Eagle eye fans will instantly draw comparisons to Kazuo Umezu's horror manga, The Drifting Classroom, which is cheekily referenced as the student's group chat name. Unsurprisingly, a story about stranded students would lead viewers to make a connection to William Golding's Lord of the Flies as the tension rises between the various factions of the 36 students.
The three main protagonists—Mizuho, Nagara, and Nozomi—slowly come together after the events of the second episode as Mizuho distances herself from any human interaction. Nozomi, who wears a different colored uniform compared to the other students, physically and emotionally distances herself from the rules set by the student council, who she believes is too rigid with their rules.
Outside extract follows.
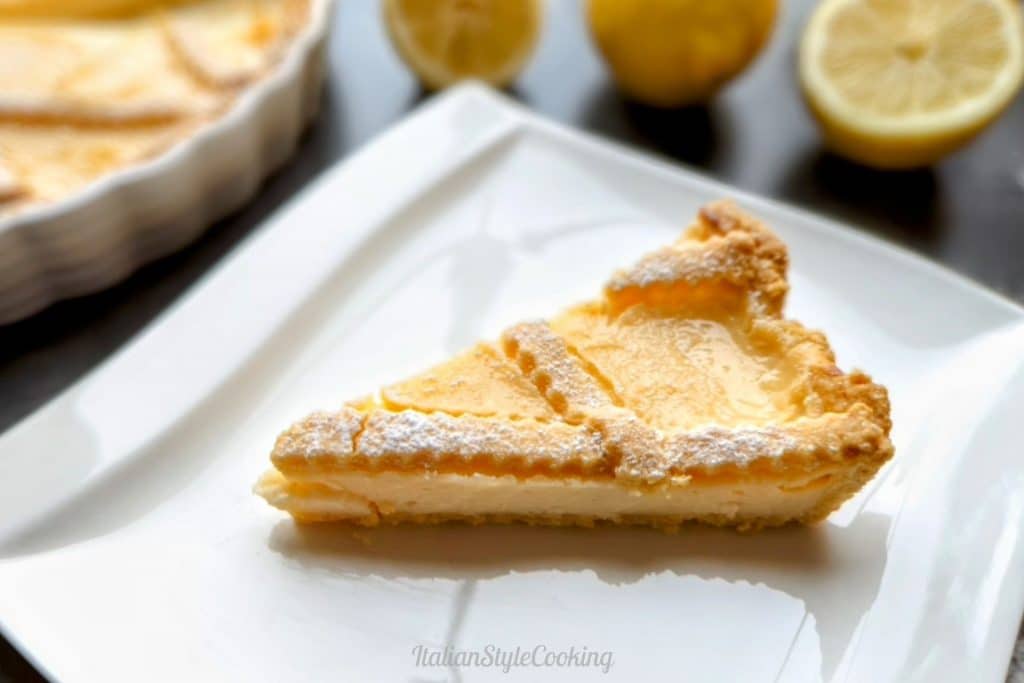 Crostata al limone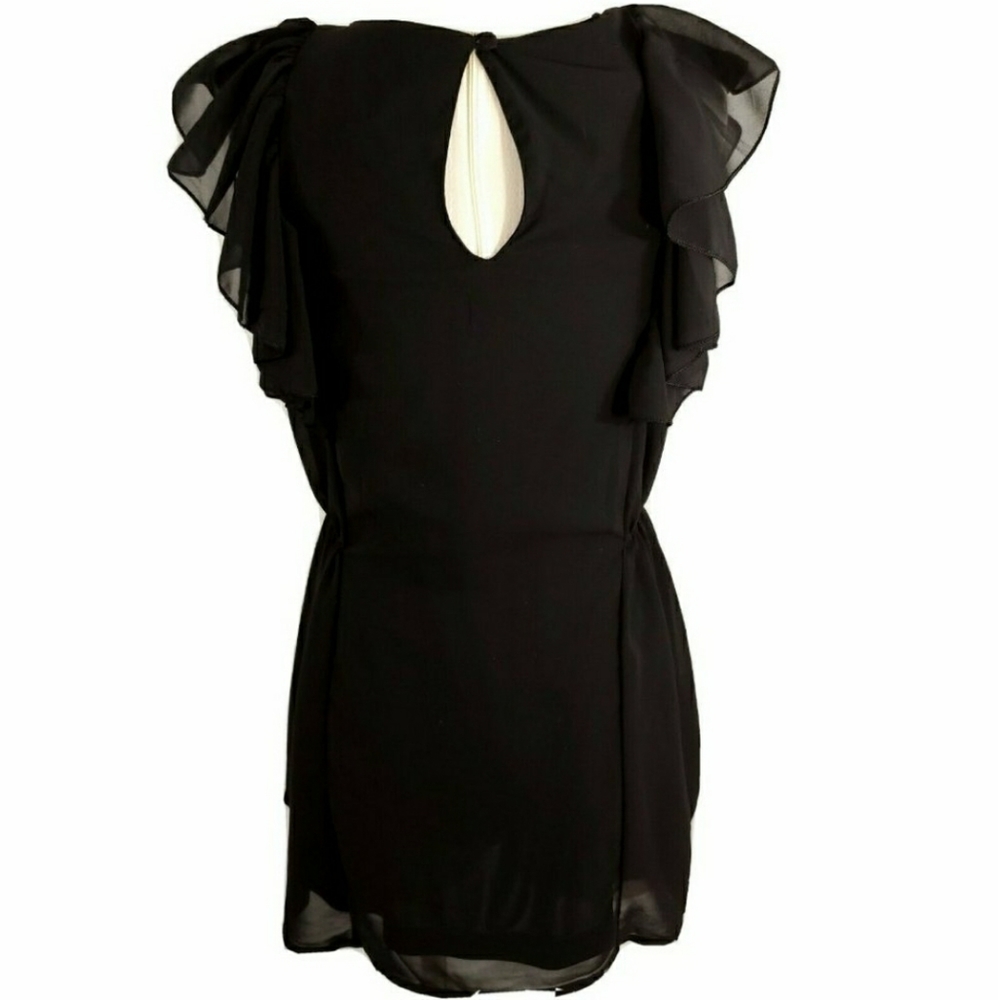 H&M Crystal Bib Ruffle Tunic Top - Picture 3 of 7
Another interesting character, Hoshi, convinces the other fourth year council students to select a new leader to guide and uphold the “new” rules they've created for the good of the school. He has a penchant for upholding and ensuring the other students are following the student council's self-imposed ground rules exactly to a T and loses the luster in his eyes when students stray from those rules. The situation surrounding the student council overseeing the other students, is most likely what Natsume refers to in his interview.
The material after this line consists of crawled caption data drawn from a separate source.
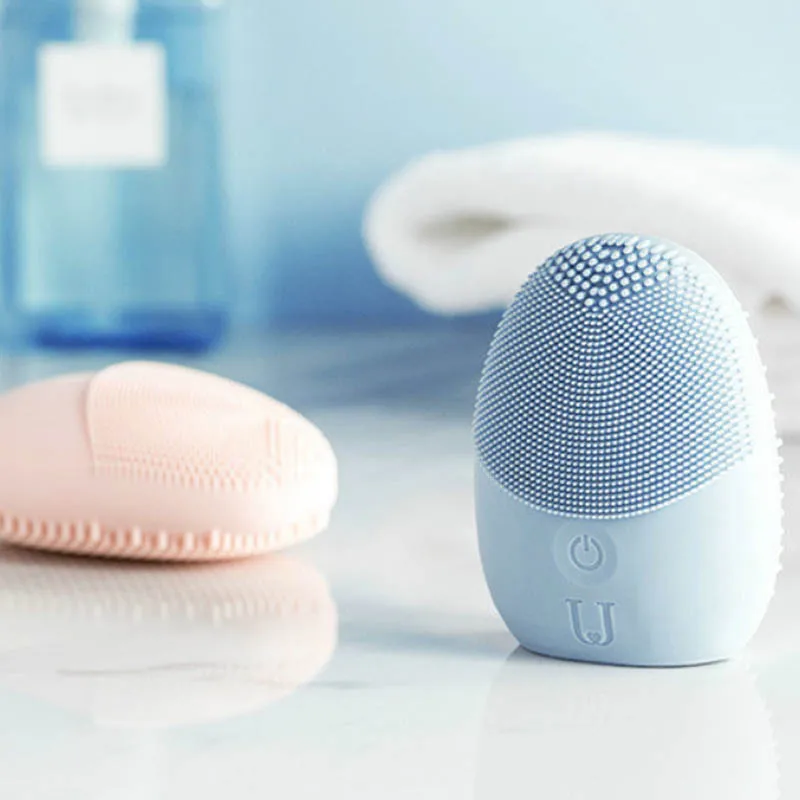 

Newest Xiaomi JORDAN & JUDY Face Cleaning Mini Electric Massage Brush Washing Machine Waterproof Silicone Deeply Cleansin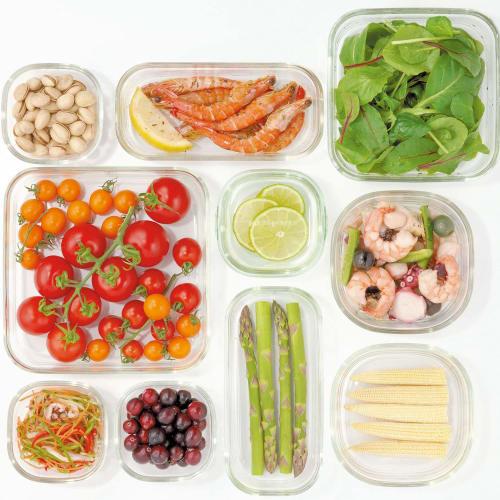 Iwaki Pack & Microwave Storage Container, Shallow, Large, 1.2L, White, Freezer-Safe, Oven-Safe, N3248-W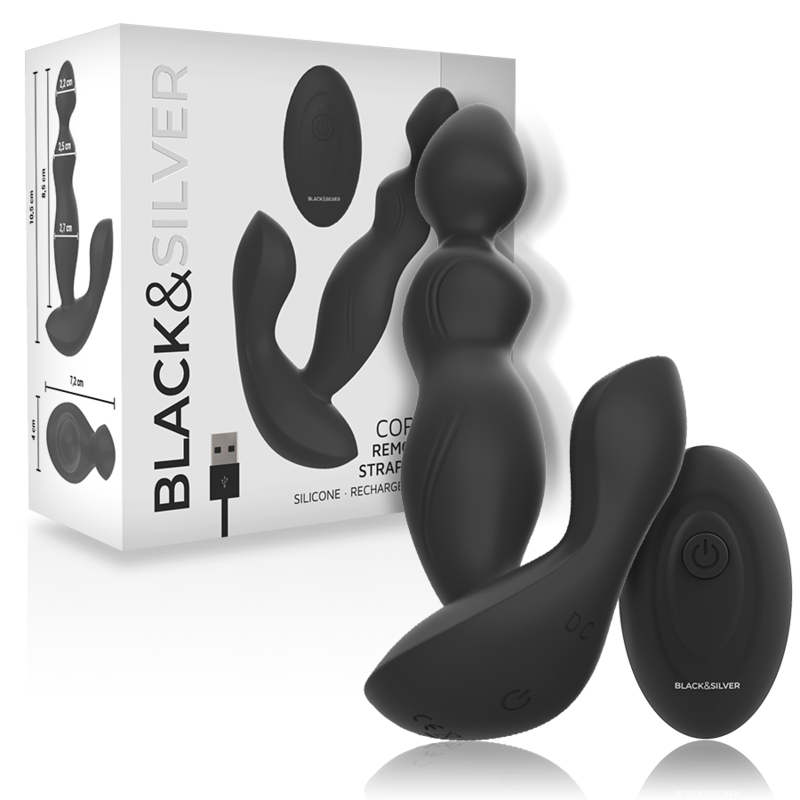 BLACKandSILVER - TÉLÉCOMMANDE EN SILICONE POUR PLUG ANAL CORA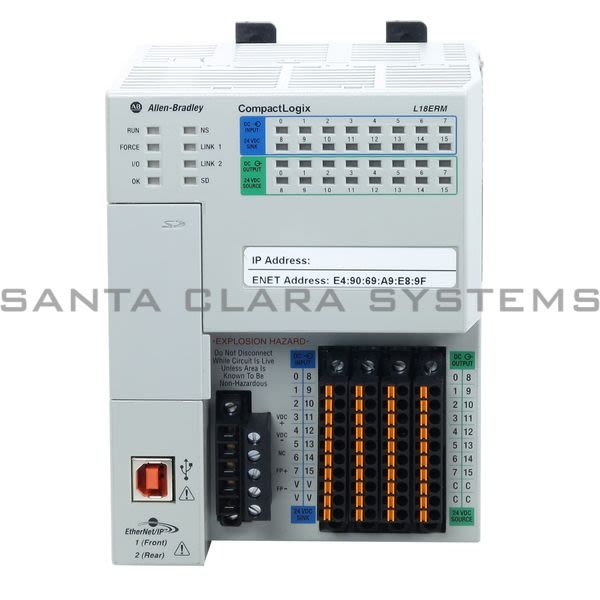 Allen Bradley 1769-L18ERM-BB1B Dual Ethernet With Dlr Capability Product Image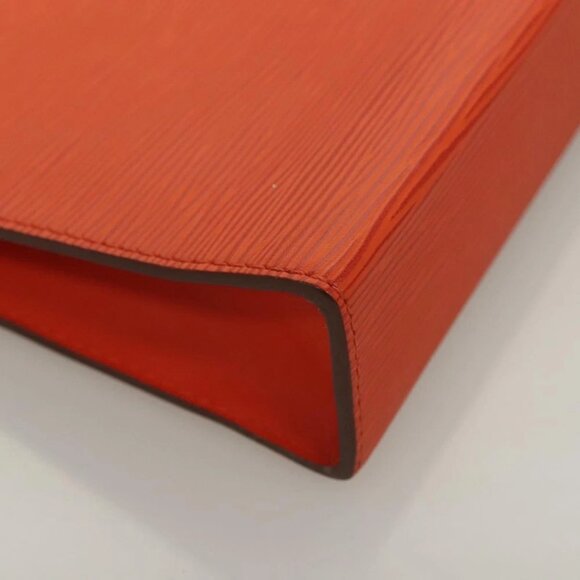 LOUIS VUITTON Epi Posh Toilet Pouch Orange Pimon - Picture 10 of 14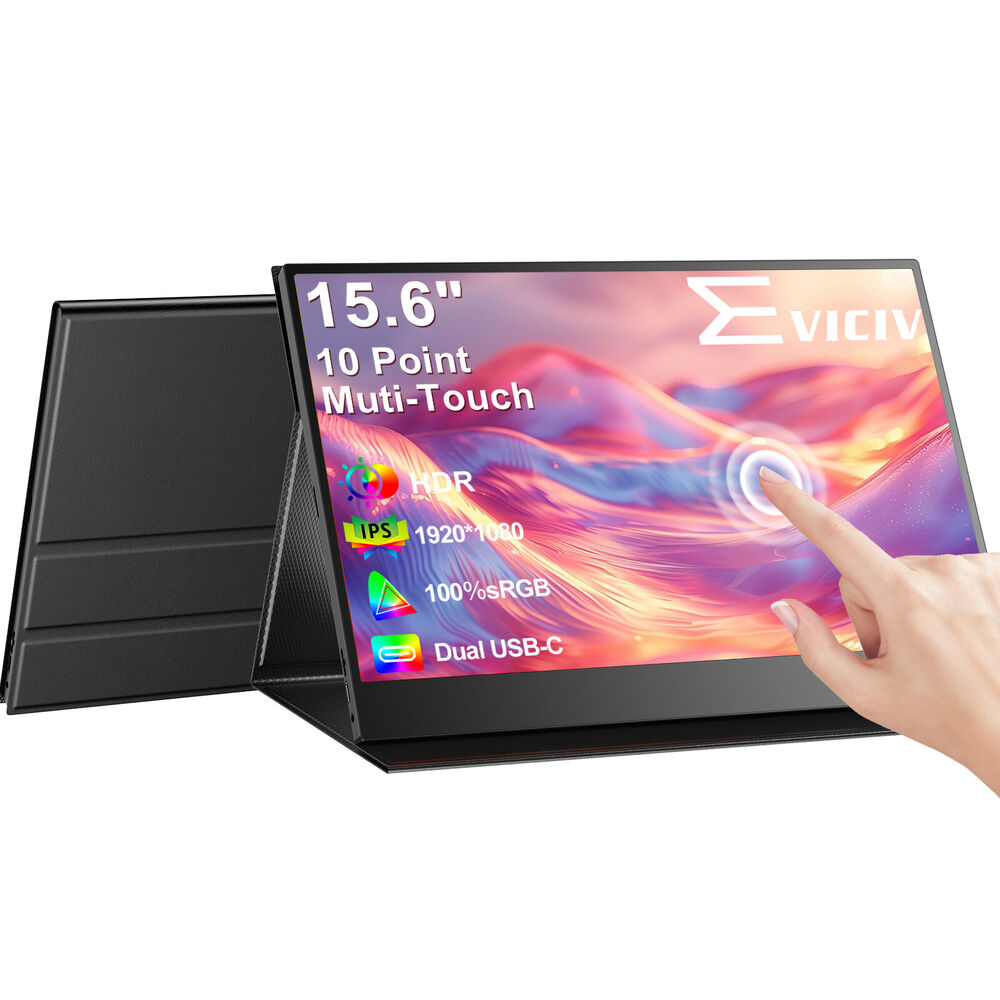 EVICIV 15.6" FHD 1080P Portable IPS Touchscreen Monitor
“There are scenes, for example, where characters quote morals,” explained Natsume. “But those are supposed to be prescriptive. I just want to present that there are some people who think this way, and the relationships create this story.”
From the premiere, it's unclear what the stakes are for the students as they—and the school—are in stasis. Even though they have an unlimited supply of food, water, they have a limited connection to the internet. They can use it as a dictionary or reference guide, as well as a communication tool, but they can't call or reach out for help. Any injuries they sustain are immediately healed, however, it's clear the situation takes a mental toll on students individually and as a group.
The second episode clarifies a couple of ground rules: the school and the students are traversing different spaces and each space comes with new rules. It's not clear how time works within these different spaces, whether it be on an island or a vacuum of nothingness. They learn together that the only way to adapt to their shifting situations is to test out the “rules” and adjust accordingly.
Although the series has multiple protagonists, Natsume explains there will be no internal character monologues. Rather than give insight to the character's thoughts, his intention is to have the audience take on a true outsider's perspective. With that in mind, his most important takeaway to the viewers is to not think too hard about scientific logic. “It is sci-fi, but it would be great if you didn't concentrate on the fine details, but just take a step back and enjoy the flow.”